With Fox Two Pro then, James has taken a very different approach, and it works superbly. Fox Two Pro contains 3 graphical layout editors - a joystick layout editor, a throttle layout editor, and a custom layout editor. The rationale behind Foxy's approach is this: Foxy effectively mimics a Word template, where an image of the controllers is surrounded by textboxes containing the statements for each hat and button. As these are text boxes, you can move, resize and position them to wherever you want, and you can edit and format the text again, however you want.
The idea behind having three separate layout editors is that by separating out the joystick and throttle statements onto independant layout editors, then you have a lot more room to display them - they're less cluttered and this makes editing and designing your files so much easier and clearer. Also, it's a lot easier to see what a particular hat or button does when you're flying. Of course, James was well aware that users would still like to place everything onto one layout, and that's the purpose of the Custom Layout Editor. Very simple to use, you can just transfer the information from the joystick and throttle editors by pressing F5, and rearrange your textboxes as you wish.

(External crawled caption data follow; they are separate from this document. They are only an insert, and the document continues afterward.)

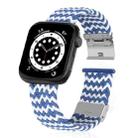 Braided + Stainless Steel Watch Band For Apple Watch Series 7 45mm / 6 & SE & 5 & 4 44mm / 3 & 2 & 1 42mm(Horizontal Blue White) - 1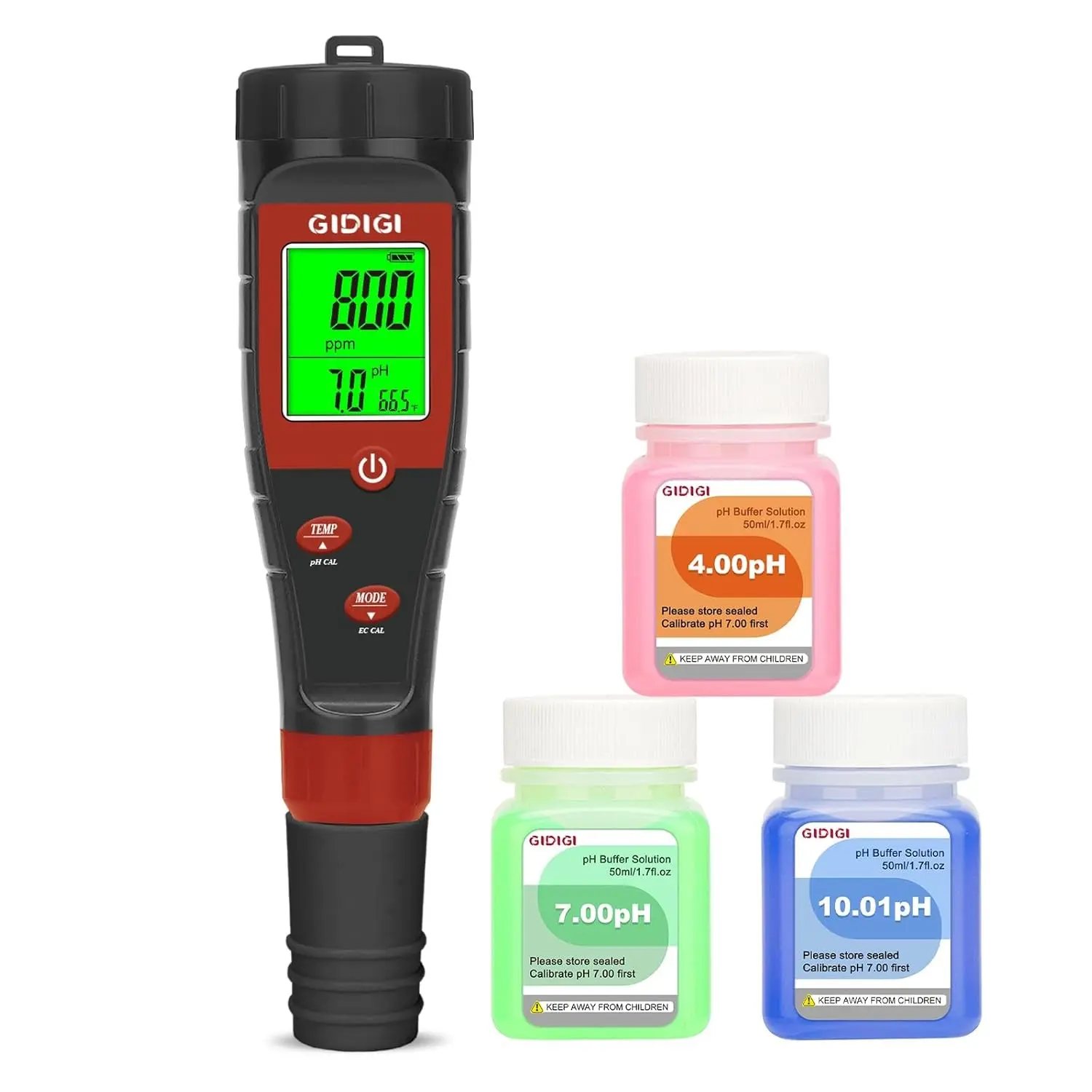 4-in-1 Digital pH-TDS-EC-PPM Meter Tester - Tests Water pH, Conductivity, Plant Nutrients - for Drinking Water, Hydroponic Systems, Indoor Plants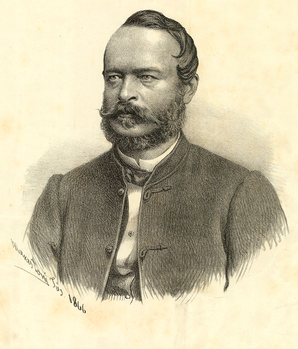 19. századi férfi portré ceruzarajz, hagyományos öltözetben, Marastoni József aláírásával, 1866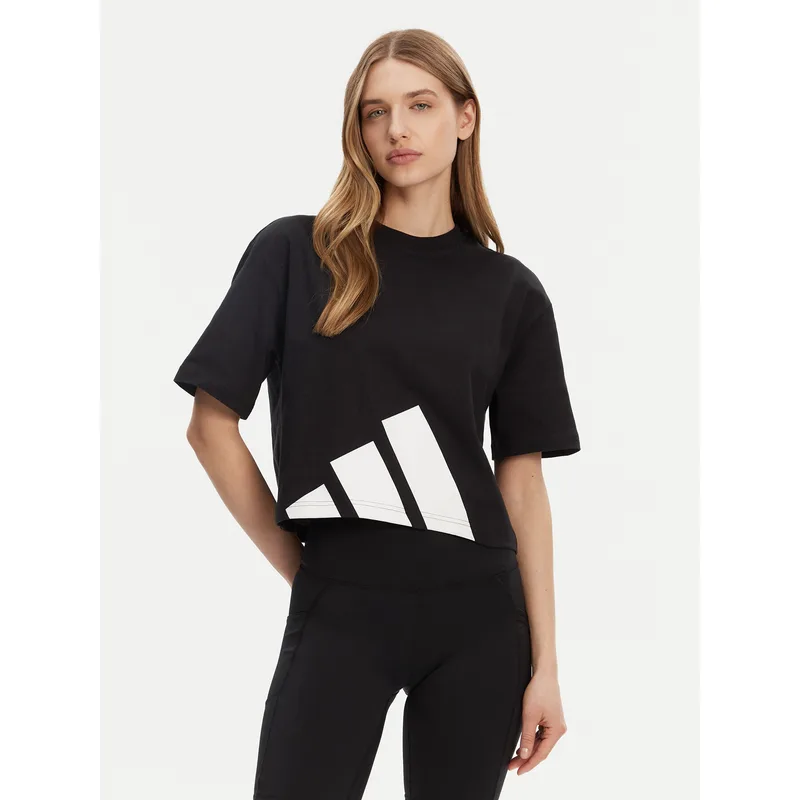 adidas T-Shirt Essentials Big Logo Boyfriend JG8736 Μαύρο Loose Fit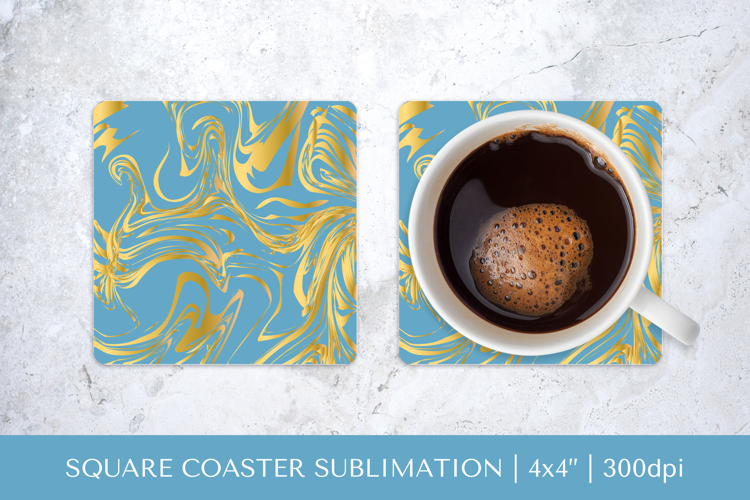 Gold marble texture square coaster sublimation design 005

You can even load up custom and/or background images to your layouts, and create stunning layouts that ordinarily would require high end graphical apps to produce. These layouts can be saved so that you can come back to work on them at a later date, they can be captured as bitmaps so that they can be distributed with your files to other users, and of course, they can be printed out in full colour. Here for example is a quick layout I produced using the Custom Layout Editor for my F22 ADF files, using one of the images from the huge image library on the CD.
The ability to fully edit and customise these layouts is superb. In the image above, I've done very little editing - in fact apart from the odd raw code I've edited, all I've done is to reposition the images of the joystick and throttle so that they didn't lie directly over the F22 aircraft, moved around the textboxes, and then applied colour highlighting in the /U, /M, and /D format, so that I can quickly distinguish the statements associated with the position of the dogfight switch on the TQS throttle.
But if we go back to just the jostick layout editor, as in the image below, then I'll use this to show you just how editable these layouts can be.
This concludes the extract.